I woke up in the coolness of Logba Tota, remembering a childhood hymn my mother taught me: "God's beautiful world, God's beautiful world, I love God's beautiful world. He made it for you, he made it for me, I love God's beautiful world."
Logba is a natural retreat; it is the perfect spot to relax and unwind after the busyness of the week. And it is a perfect place to reflect upon God's creation and grace, and commune with the Spirit.
There are several lovely waterfalls around the mountain. Several years ago, I made the hike down to the falls and back -- quite a workout! A few of the Grace team mates laced up their tennis shoes and headed out to see the falls.
I knew that physically I was not quite up to that trek this year (maybe next year!). David and I spent the morning in the village of "upstairs" Logba Tota. We first visited the new school built by some Dutch philanthropists. It is a good sized school; the facility is solidly constructed and is a "jewel in the crown" of the town. The person who donated a good bit of the money for the school is having a home built beside the school. We explored the partially constructed house, which is built into the side of the mountain. Breath-taking views will greet them each morning once they move into the place: the master bedroom has a huge window that overlooks a valley stretching several miles before another rocky mountain rises from the red dirt.
As I stood in that partially constructed home, looking out over that valley, I remembered a song from my childhood -- "God's beautiful world, God's beautiful world, I love God's beautiful world. He made it for you, He made it for me, I love God's beautiful world."
Nobody spoke for several moments as we basked in the newness of the morning, looking across the African countryside.
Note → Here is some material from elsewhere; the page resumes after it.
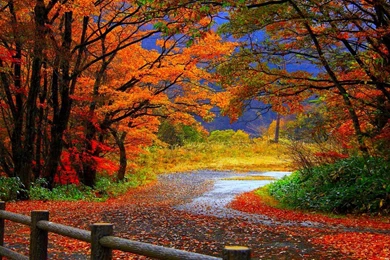 Autumn Fall Wallpapers HD Download Backgrounds Desktop • IPhones ...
Eventually, we continued our trek through Logba Tota. We walked back through the town, where we had worshiped the night before, and then continued up the rocky path toward the church building. Christ Harvests is sponsoring a nursery school that uses the church building, and we visited with the 10 children. They had no teaching supplies to speak of: Children took their naps on old cardboard boxes that had been split and laid out on the dirt floor. The teacher did not even have a chalkboard; she used drawings on paper that she'd created herself, teaching English words to the children. David gave the kids toffees (candies) as we said goodbye.
Next we paid a visit to my friend Agben & his parents. They live even farther up the mountain!! Agben's dad is crippled --I think he may have had a stroke a few years back-- and rarely (if ever) leaves his house. Each time I go to Logba, I try to visit this family; it is an important relationship to me. We shared some photographs taken last year, made a few new pictures, and then bid them farewell.
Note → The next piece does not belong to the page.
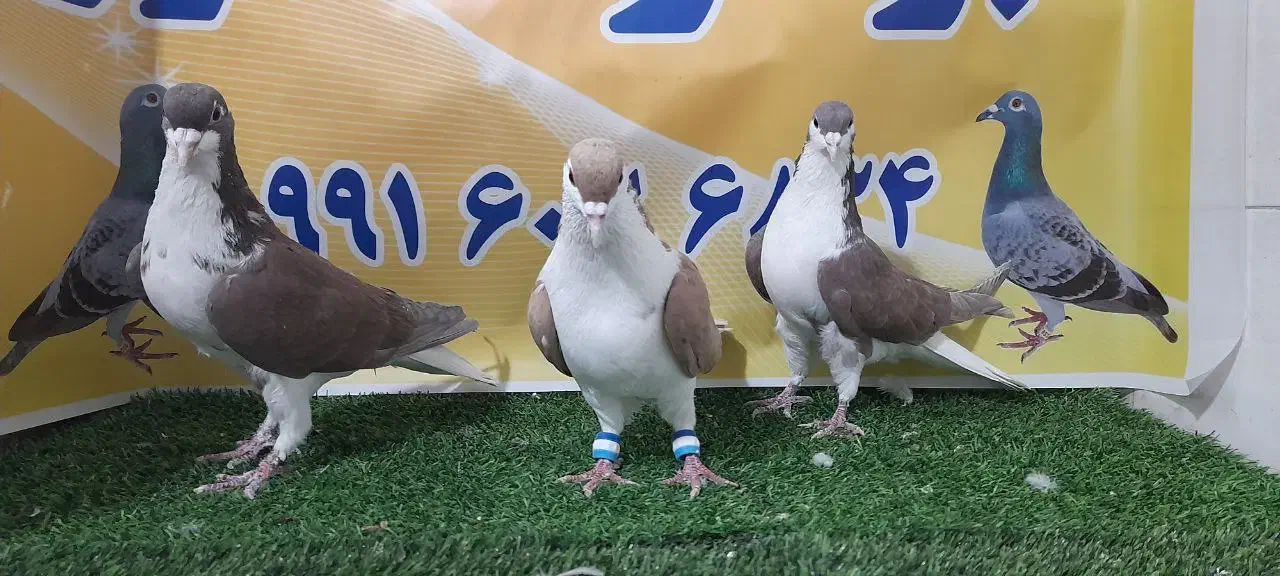 کفترهوای|پرنده|مه ولات, |دیوار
Walking back down the mountain, through this village, then back to Fount Hill, I marveled at God's goodness! And I am always struck at the difference between "needs" and "wants" that becomes so obvious when I visit this place. Life is simple here; yet people give thanks and praise to God every day.
Back at Fount Hill, lunch was almost ready. The Grace Church hikers returned from their trek to the waterfalls -- most of them tired and maybe a bit muddy, but glad for the opportunity to see the beauty of God's creation.
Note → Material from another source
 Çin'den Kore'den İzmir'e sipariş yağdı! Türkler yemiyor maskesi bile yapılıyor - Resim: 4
After lunch, we packed up the bus -- which meant taking our luggage and all of the kitchen equipment and supplies back down the hill where the bus was parked -- and headed back to Tema -- about a three-hour ride.
Tired, but joyful, we were "home" again in Community 11. The "work" part of our mission was complete. We give thanks to God for the group, for the trip, for the things HE accomplished through us, and for the opportunities we've experienced in this journey.